The Fair Food Sisters are a brand-new, powerful network of women's rights advocates whether they are longtime Fair Food allies, new friends of Immokalee farmworkers looking to bring the Fair Food movement to their neighborhood, or members of national women's rights organizations  answering the call for solidarity and support from the Women's Group of the Coalition of Immokalee Workers, an internationally-recognized human rights organization leading the charge on ending sexual assault and violence in U.S. fields.

For decades, the women who harvest the fruits and vegetables that we put on the table each day have faced sexual violence in the fields.  Torn between protecting their dignity and putting food on the table for their own families, women farmworkers endured vulgar and harassing comments, sexual assault, demands of sexual favors from supervisors, and in extreme cases, rape.  If a woman spoke up, she found that the next day, she was fired, and her abuser was right back at work.

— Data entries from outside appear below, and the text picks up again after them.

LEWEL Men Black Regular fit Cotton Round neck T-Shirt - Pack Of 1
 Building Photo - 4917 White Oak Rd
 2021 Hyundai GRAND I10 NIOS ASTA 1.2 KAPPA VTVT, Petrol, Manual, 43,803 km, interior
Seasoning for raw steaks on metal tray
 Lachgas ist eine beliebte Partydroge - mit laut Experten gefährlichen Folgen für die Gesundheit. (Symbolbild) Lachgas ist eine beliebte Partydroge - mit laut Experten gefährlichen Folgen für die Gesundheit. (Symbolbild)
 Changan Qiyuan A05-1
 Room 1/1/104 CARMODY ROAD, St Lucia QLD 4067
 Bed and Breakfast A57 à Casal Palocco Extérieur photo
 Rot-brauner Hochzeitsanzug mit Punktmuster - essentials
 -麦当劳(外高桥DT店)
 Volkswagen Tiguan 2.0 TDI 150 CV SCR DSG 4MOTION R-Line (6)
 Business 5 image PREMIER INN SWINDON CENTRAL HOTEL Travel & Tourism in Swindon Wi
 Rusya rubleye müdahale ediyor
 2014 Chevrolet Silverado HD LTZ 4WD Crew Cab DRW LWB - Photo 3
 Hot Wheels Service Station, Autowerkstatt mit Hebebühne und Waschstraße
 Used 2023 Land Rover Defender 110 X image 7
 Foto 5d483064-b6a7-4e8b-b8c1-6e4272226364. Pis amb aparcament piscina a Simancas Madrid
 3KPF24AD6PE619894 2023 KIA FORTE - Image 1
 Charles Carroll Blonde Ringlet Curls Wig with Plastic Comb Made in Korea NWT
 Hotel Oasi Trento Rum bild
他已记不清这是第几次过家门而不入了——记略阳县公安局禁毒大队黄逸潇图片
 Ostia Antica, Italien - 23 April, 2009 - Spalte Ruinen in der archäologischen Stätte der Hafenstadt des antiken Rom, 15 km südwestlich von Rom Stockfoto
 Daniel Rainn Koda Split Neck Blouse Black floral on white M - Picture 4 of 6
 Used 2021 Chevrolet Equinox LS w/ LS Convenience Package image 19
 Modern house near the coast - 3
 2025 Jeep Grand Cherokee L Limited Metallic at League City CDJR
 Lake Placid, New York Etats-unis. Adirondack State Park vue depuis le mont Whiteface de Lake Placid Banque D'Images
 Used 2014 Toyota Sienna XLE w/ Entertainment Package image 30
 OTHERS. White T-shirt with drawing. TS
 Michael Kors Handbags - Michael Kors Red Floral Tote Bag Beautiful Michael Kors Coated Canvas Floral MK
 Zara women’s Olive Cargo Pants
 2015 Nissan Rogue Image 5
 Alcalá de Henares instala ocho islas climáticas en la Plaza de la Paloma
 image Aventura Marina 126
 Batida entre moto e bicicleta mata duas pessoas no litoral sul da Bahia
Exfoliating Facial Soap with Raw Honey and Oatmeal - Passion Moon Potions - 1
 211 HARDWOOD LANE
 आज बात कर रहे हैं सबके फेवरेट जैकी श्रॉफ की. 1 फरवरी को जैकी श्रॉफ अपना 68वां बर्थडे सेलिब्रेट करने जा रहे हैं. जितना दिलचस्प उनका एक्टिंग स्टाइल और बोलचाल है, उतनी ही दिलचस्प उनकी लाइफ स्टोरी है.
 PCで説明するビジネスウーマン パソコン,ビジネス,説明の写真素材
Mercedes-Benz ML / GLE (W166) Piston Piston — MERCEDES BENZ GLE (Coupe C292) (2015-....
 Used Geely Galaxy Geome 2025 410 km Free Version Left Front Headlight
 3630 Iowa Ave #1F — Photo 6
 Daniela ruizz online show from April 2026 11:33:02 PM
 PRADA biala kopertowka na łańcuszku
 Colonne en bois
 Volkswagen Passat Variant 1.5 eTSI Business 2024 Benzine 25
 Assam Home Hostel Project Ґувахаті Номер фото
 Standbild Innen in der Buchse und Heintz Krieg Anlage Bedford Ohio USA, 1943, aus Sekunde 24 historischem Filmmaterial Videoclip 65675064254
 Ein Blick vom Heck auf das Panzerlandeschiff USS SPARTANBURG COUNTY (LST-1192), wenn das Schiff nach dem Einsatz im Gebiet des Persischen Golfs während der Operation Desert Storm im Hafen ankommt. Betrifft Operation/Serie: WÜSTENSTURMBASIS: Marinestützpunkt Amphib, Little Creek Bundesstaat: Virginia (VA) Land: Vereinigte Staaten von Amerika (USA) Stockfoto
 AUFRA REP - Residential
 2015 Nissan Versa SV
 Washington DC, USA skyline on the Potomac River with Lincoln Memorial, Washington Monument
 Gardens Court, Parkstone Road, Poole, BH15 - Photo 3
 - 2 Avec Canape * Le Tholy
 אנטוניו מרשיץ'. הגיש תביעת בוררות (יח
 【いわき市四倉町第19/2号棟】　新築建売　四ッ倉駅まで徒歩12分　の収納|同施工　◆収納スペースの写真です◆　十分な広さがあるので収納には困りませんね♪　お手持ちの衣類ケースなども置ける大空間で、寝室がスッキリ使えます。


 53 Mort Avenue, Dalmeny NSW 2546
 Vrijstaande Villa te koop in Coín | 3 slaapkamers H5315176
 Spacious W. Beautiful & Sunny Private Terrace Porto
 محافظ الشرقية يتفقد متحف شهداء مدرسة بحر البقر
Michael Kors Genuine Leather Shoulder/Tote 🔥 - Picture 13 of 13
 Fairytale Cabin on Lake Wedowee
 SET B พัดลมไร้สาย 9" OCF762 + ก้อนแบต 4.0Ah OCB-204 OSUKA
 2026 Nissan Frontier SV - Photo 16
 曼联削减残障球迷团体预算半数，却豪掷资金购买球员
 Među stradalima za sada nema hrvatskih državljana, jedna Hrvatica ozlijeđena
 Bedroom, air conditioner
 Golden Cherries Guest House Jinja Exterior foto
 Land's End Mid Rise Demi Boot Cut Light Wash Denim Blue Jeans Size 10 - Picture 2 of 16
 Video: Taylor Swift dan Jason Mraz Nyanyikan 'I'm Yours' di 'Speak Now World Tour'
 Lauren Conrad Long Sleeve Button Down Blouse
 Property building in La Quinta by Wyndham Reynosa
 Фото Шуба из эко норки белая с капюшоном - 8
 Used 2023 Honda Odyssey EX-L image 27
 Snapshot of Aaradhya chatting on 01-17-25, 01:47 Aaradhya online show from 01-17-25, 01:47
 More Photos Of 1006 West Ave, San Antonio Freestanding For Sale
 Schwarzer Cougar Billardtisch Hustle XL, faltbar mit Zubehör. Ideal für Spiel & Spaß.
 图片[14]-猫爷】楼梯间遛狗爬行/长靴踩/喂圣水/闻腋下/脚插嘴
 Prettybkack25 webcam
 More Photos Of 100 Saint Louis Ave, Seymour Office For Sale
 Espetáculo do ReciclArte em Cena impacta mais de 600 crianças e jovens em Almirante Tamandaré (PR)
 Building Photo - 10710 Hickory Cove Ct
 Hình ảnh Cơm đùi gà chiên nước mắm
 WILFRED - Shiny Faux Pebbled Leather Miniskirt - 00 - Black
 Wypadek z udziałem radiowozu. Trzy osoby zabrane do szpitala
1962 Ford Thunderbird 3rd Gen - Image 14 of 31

That's the bad news.  The good news is that the women of the small, dusty town of Immokalee, Florida, stood up and said:  Enough!

Farmworkers with the Coalition of Immokalee Workers (CIW) reached beyond the borders of their community to make the national call for support from allies who buy the food harvested in Immokalee -- everyday consumers – and together, they built a movement: the movement for Fair Food.

Through this campaign, the CIW created an unparalleled program to combat human rights abuses, the Fair Food Program.  The Program is a unique partnership among farmworkers, 14 of the world's largest retail buyers, and major tomato, strawberry and pepper farmers on the East Coast.  Today, under the Fair Food Program, women have the right to report abuse without fear of being fired.  Farmworkers have eliminated the most extreme abuses in the fields, from violence against women to modern-day slavery.  

 
 

stand shoulder to shoulder with farmworker women.

But the CIW's work is far from done.  There are tens of thousands of women still laboring far beyond the protections of the Fair Food Program, suffering the same sexual violence and exploitation that women farmworkers faced before in the fields of Florida.

Unfortunately, while more women continue on within this daily struggle, there are major buyers — like Publix, like Kroger, like Wendy’s — that continue to negotiate with the dignity of women and continue making profits from their sweat, even when they have been invited time and time again to join farmworkers in stopping this abuse.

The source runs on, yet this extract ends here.